The story then says that the villagers removed his face and made a mask of it. Not only did the mask carry the being of Ñan Sapa, the Holy Way, it also kept him alive, especially when “they made the mask dance as if in his own persona”.

Puma Coming from Lamp Post
Puma Coming from Lamp Post

The storyteller then pauses to note that the people of Vichi Cancha would also make masks from the faces of men captured in warfare. Before they could kill him and make a mask of his face they would have to give him good food and drink in abundance.

When they fed him they would also say “this day you shall dance with me on the plaza”.

As a result, people would bring the masks out with great care into the plaza, offer them food and drink, and have them participate in the feasts and dances. Then they would be hung up with “maize, potatoes, and other offerings.”

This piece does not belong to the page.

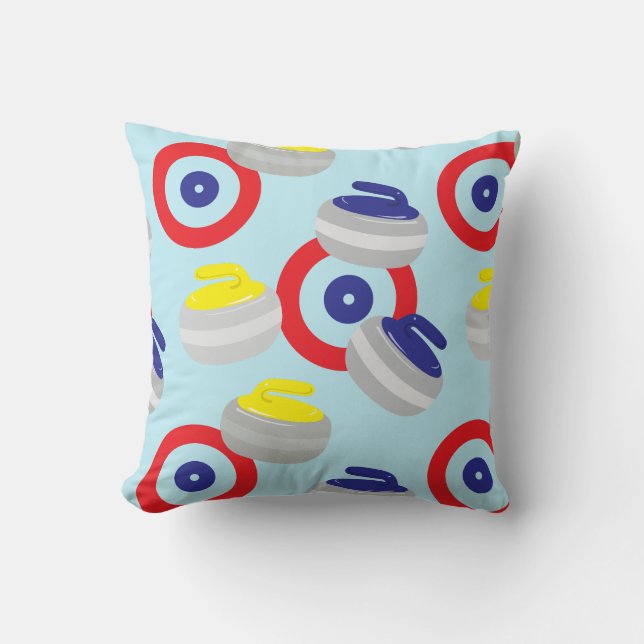 Curling Stones and Targets Pattern Cushion (Front)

People would say that the masks “will return to the place where they are born, the place called uray pacha (the land below) carrying these things along with them.”

Sharp Nosed Mask
Sharp Nosed Mask

The story also indicates that when talking, those wearing the mask, would “speak with a different pronunciation [ . . . ] twisting their mouths to the side.” In a footnote, the editors and translators of the Huarochiri tales, Frank Salomon and George Urioste, tell how even today people like the ukukus speak differently, they speak in falsetto. They also say the words could mean that they twist their language to say something different than what is plainly meant.

The ukukus will often do this as well, though the scholars do not note that. They will use misstatement and teasing to engage spectators as part of a holy satire while saying that which is not said in polite society, or even saying things that are wrong.

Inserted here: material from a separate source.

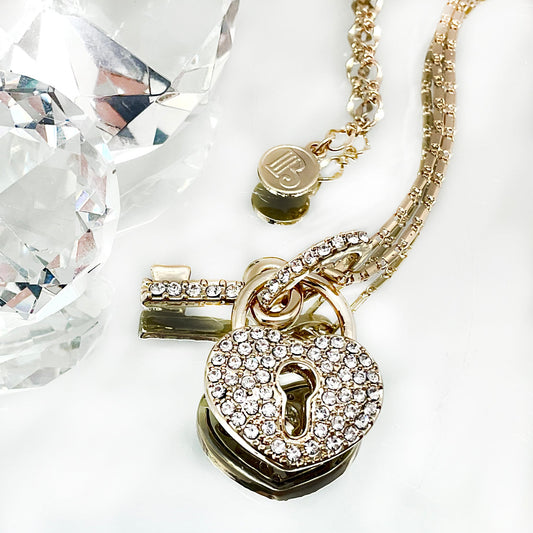 Premium Crystal Heart Lock and Key Necklace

If we follow along with the Huarochiri tales then we can argue that when Garcilaso says dance and music “solemnize” they do so because of three things:

  1. they stem from origins or recognize mighty figures, including enemies;
  2. they are not the ordinary and do not speak in ordinary ways;
  3. they have to do with fertility, of people, animals, and crops which is why it is important to note they return to the beginnings, to Uray Pacha, with gifts to encourage children, baby animals, and baby plants to keep coming to living people.

When we see an ukuku with his white knitted mask, or a majeño with his big nosed mask we are seeing the faces of captured beings, whether Andean bears or Spaniards. They do retell pieces of a history–as the contemporary stories accompanying dances relate, but they also carry the holiness of relating to origins and creating fertility at the same time they create sacred satire.

The Spanish may have tried to contain this by limiting feasts and by seeing it as satire in contrast to the Church’s sacred, but they allowed it to continue and today, even when performed as folklore, it carries in it this earlier meaning of making an event sacred and of presenting how people and their world originate and are reborn as life continues onward.

A Couple of Masked Children
A Couple of Masked Children

Reference: Chapter 24, Frank Salomon and George Urioste, The Huarochiri Manuscript: A testament of Ancient and Colonial Andean Religion (The University of Texas Press, 1991) pp 120-121.